Die US-Regierung stellt sich offiziell noch hinter Israels Regierung. Den Druck versucht sie zu mindern, indem sie den Bau eines provisorischen Seehafens in Gaza in Aussicht gestellt hat. Darüber könnte die Lieferung von Hilfsgütern effizienter abgewickelt werden als auf dem Landweg. Denn es mangelt vor allem an Lastwagen. In Ägypten kommt es deshalb auf dem Land zu Versorgungsengpässen, weil die für den Transport erforderlichen LKW nun zwischen Al-Arisch und der Grenze zum Gazastreifen pendeln.

Allerdings funktioniert das Konzept Seehafen erst einmal nur in der Theorie: Es wird bis zu acht Wochen dauern, bis der Hafen fertig ist. Zudem befürchtet Israels Militär, dass die Hamas die direkten Lieferungen dazu nutzen könnte, für den Krieg benötigte Güter zu schmuggeln. Die Schiffe und ihre Ladung würden also zunächst in einem anderen Hafen durchsucht und dann nach Gaza verschifft.

Natürlich hat dieser Konflikt mehrere Seiten: Netanjahu betont stets, der Krieg werde fortgesetzt, bis die Hamas zerstört und die Geiseln befreit seien. Israels Kriegskabinett, ein dreiköpfiges Gremium aus Netanjahu, Verteidigungsminister Joaw Galant und Oppositionsführer Benny Gantz, ist jedoch zutiefst zerstritten. Vor allem Gantz, ein ehemaliger Generalstabschef, will neue Wege gehen, war zuletzt ohne Netanjahus Zustimmung in Washington. Man müsse nicht nur auf Gaza schauen, sondern auch darauf, dass man sich nicht wieder mit der arabischen Welt verfeinde, heißt es aus seinem Umfeld: Denn im Hintergrund gebe es immer noch die Bedrohung durch die iranischen Revolutionsgarden, die auch die Hamas unterstützen, und damit durch die Hisbollah im Libanon und die Huthis im Jemen.

Auf der anderen Seite scheint die Hamas ebenfalls fest entschlossen, den Krieg, komme, was wolle, fortzusetzen. Doch auch dort gibt es Streit. Hochrangige Diplomaten aus Katar berichten, dass Yahya Sinwar, Chef der Hamas in Gaza, dem in Katar ansässigen Politbüro in der vergangenen Woche mitgeteilt habe, jeder tote Palästinenser nütze doch, weil sich dadurch der Druck erhöhe. Die politische Führung wolle hingegen einen baldigen Waffenstillstand erreichen und dabei Zugeständnisse machen. Dabei hoffe man wohl auf eine Beteiligung an der künftigen palästinensischen Regierung, die Ende Februar zurückgetreten ist. Am Samstag teilte dann das katarische Außenministerium dem Hamas-Politbüro-Chef Khaled Maschal mit, man werde die Hamas ausweisen, wenn es in den Verhandlungen über einen Waffenstillstand nicht weitergehe.

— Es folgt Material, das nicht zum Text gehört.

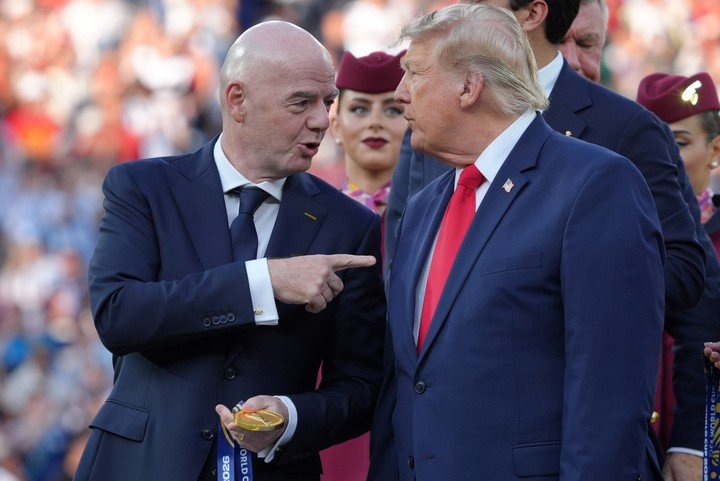 El presidente de la FIFA, Gianni Infantino, junto a Donald Trump.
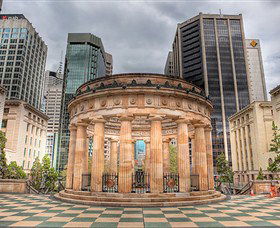 ANZAC Square War Memorial - Accommodation 4U 0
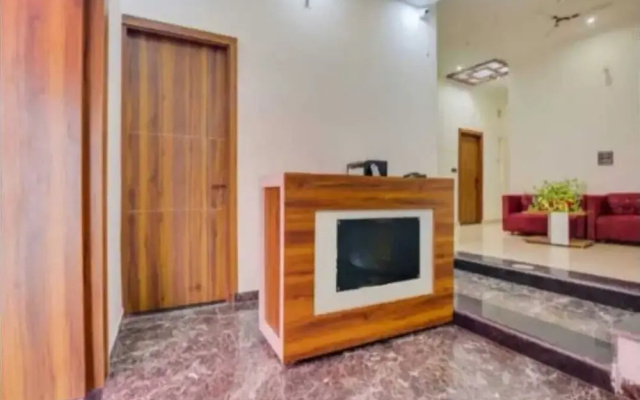 Shree Ji Hotel & Banquet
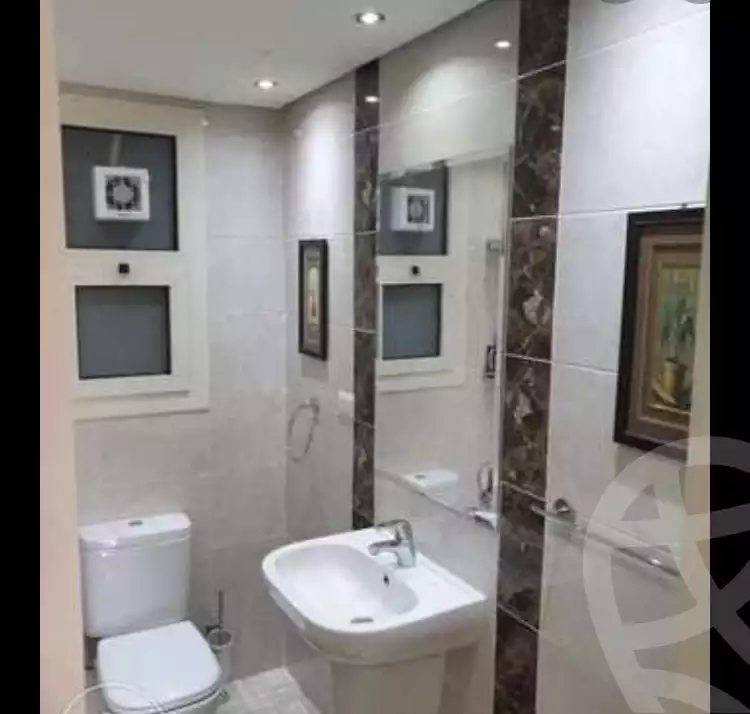 https://aqarmap.com.eg/ar/listing/4126118-for-sale-cairo-new-cairo-compounds-nyoum-nyw-kyrw
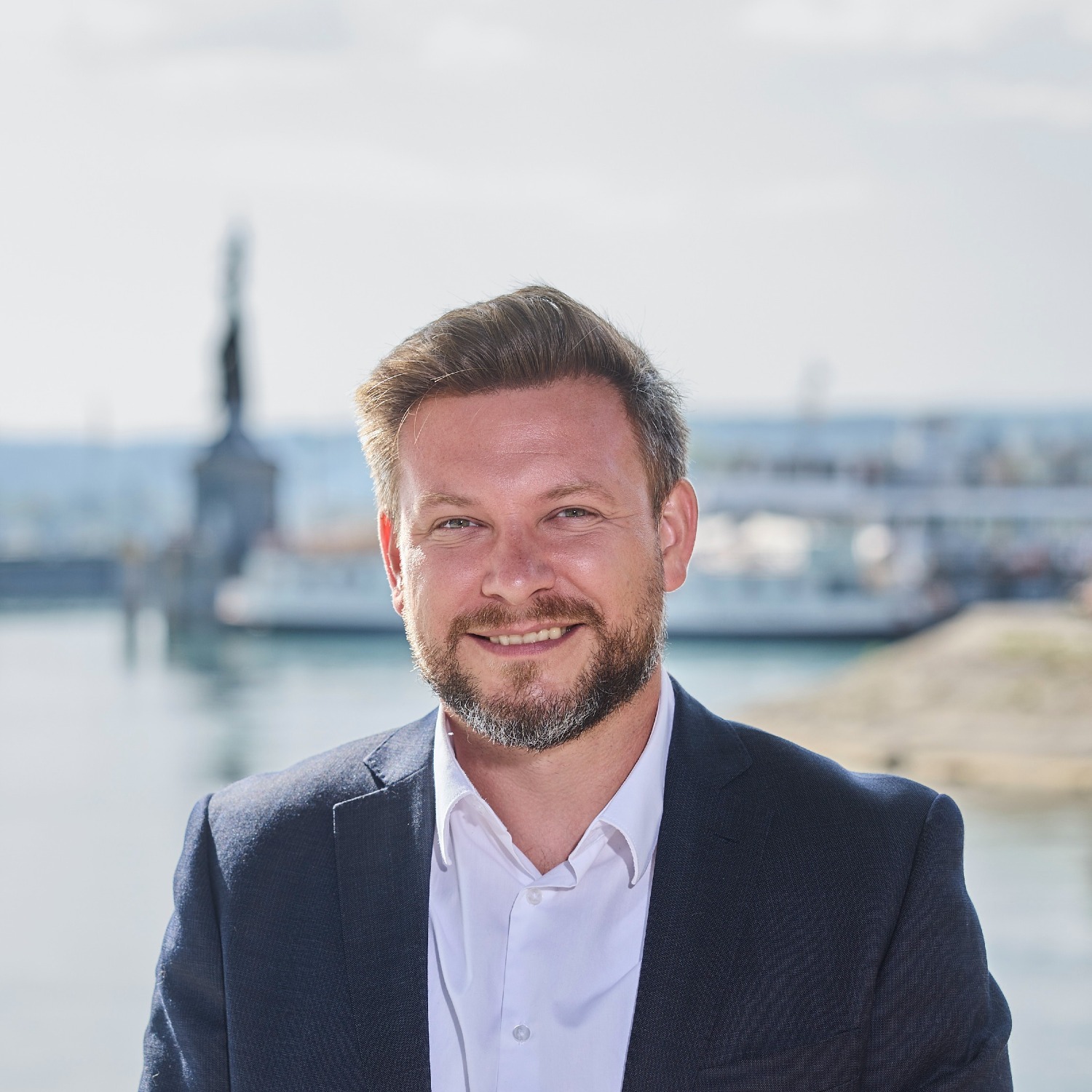 Allianz Versicherung Dirk Kerfin Konstanz - Brendan MacArthur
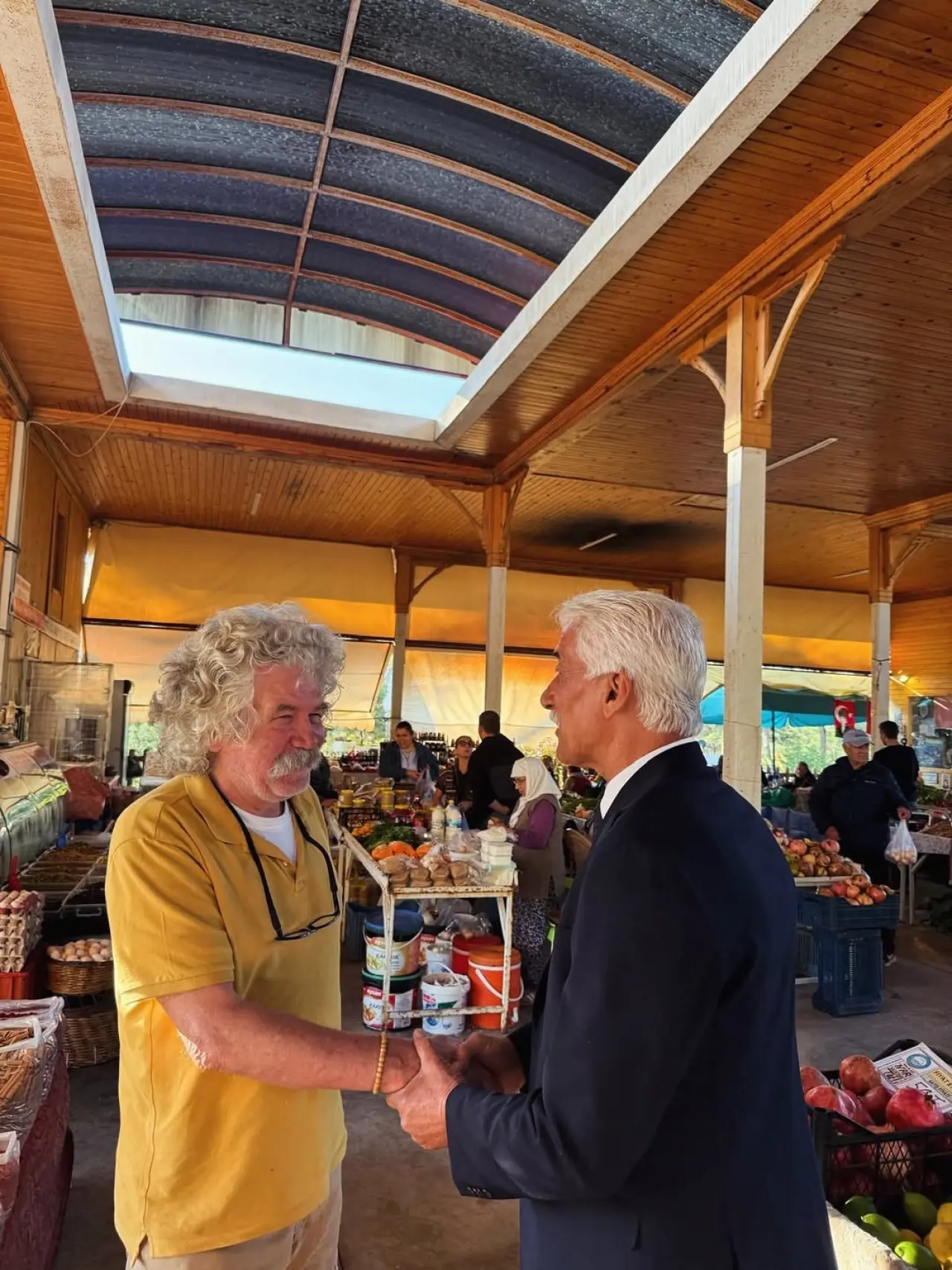 Ula Belediye Başkanı Mehmet Caner Akyaka Pazaryerinde Esnafla Buluştu 1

Nun hat auch noch der Fastenmonat Ramadan begonnen. Sicherheitsdienste in der gesamten Region befürchten eine Eskalation, in Israel und vor allem Jerusalem, aber auch in der arabischen Welt. Die letzte Runde der Waffenstillstandsgespräche in Kairo brachte wieder kein Ergebnis. Die Hamas habe gar kein Interesse an einer Waffenruhe, teilte Israels Auslandsgeheimdienst Mossad in einer seltenen Pressemitteilung mit: Sie baue darauf, dass mehr Gewalt ihre Verhandlungsposition verbessere.